Caso a previsão se confirme, o resultado será o segundo maior da série histórica, ficando atrás apenas do recorde alcançado em 2023.
A revisão foi anunciada nesta sexta-feira (3) após o governo constatar um desempenho superior ao esperado das exportações brasileiras durante o primeiro semestre do ano. Mesmo diante de desafios como a guerra no Oriente Médio e as novas tarifas impostas pelo governo do presidente norte-americano Donald Trump, as exportações brasileiras cresceram 11,5% nos seis primeiros meses de 2026.
Exportações e importações crescem acima do esperado
Além da projeção do superávit, o MDIC também atualizou as estimativas para o fluxo total do comércio exterior brasileiro.
A expectativa agora é que o Brasil exporte US$ 394,4 bilhões até o fim do ano, cerca de US$ 30,2 bilhões acima da previsão divulgada em abril.
As importações também foram revisadas e devem alcançar US$ 304,4 bilhões, acima da estimativa anterior, que era de US$ 292,1 bilhões.
Segundo o diretor de Estatísticas e Estudos de Comércio Exterior do ministério, Herlon Brandão, a revisão reflete o forte ritmo das operações comerciais do país.
“Observamos uma aceleração dos fluxos, tanto de exportação quanto de importação, que ajudaram a elevar esse valor previsto”, destacou.
Junho registra exportações históricas
Os novos dados foram divulgados juntamente com o desempenho da balança comercial de junho, que apresentou números expressivos.
No mês, o Brasil registrou um superávit de US$ 9,8 bilhões, impulsionado por exportações recordes de US$ 36,3 bilhões, crescimento de 24,9% em relação ao mesmo período de 2025.
As importações também cresceram, totalizando US$ 26,5 bilhões, alta de 14,4%.
Grande parte desse resultado foi impulsionada pelo excelente desempenho da indústria extrativa, cujas exportações aumentaram 58,4%.

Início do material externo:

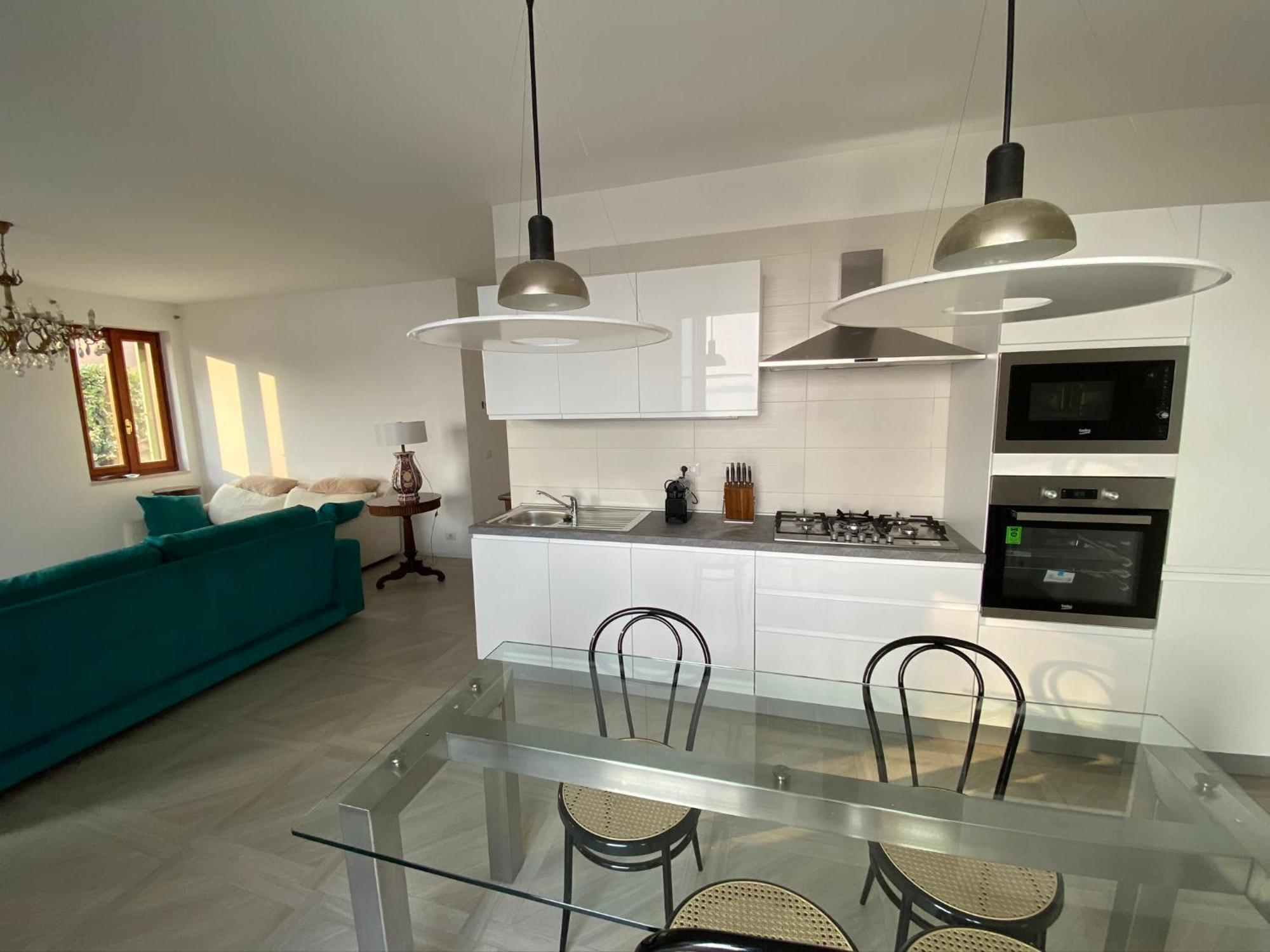 Villa Anastasye Your Lakefront Vacation Rental Predore Eksteriør billede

Petróleo lidera crescimento das vendas externas
O petróleo bruto foi o principal destaque das exportações brasileiras em junho.
Segundo o MDIC, o aumento foi provocado tanto pela valorização internacional da commodity quanto pelo crescimento do volume embarcado.
Na comparação com junho do ano passado:
- o preço internacional do petróleo subiu 67,6%;
- o volume exportado aumentou 6,8%.
Também contribuíram para o desempenho positivo as exportações de soja, além do crescimento nas vendas de carnes, combustíveis e farelo de soja, fortalecendo os resultados da agropecuária e da indústria de transformação.
Saldo positivo no primeiro semestre
Entre janeiro e junho, a balança comercial brasileira acumulou um superávit de US$ 42,4 bilhões, superando com folga os US$ 30,2 bilhões registrados no mesmo período de 2025.
No semestre, as exportações somaram US$ 184,8 bilhões, enquanto as importações alcançaram US$ 142,4 bilhões.
Os números reforçam o bom momento do comércio exterior brasileiro e aumentam a expectativa de que 2026 encerre com um dos melhores resultados da história das exportações nacionais, sustentado principalmente pelo desempenho do agronegócio, do petróleo e da indústria de transformação.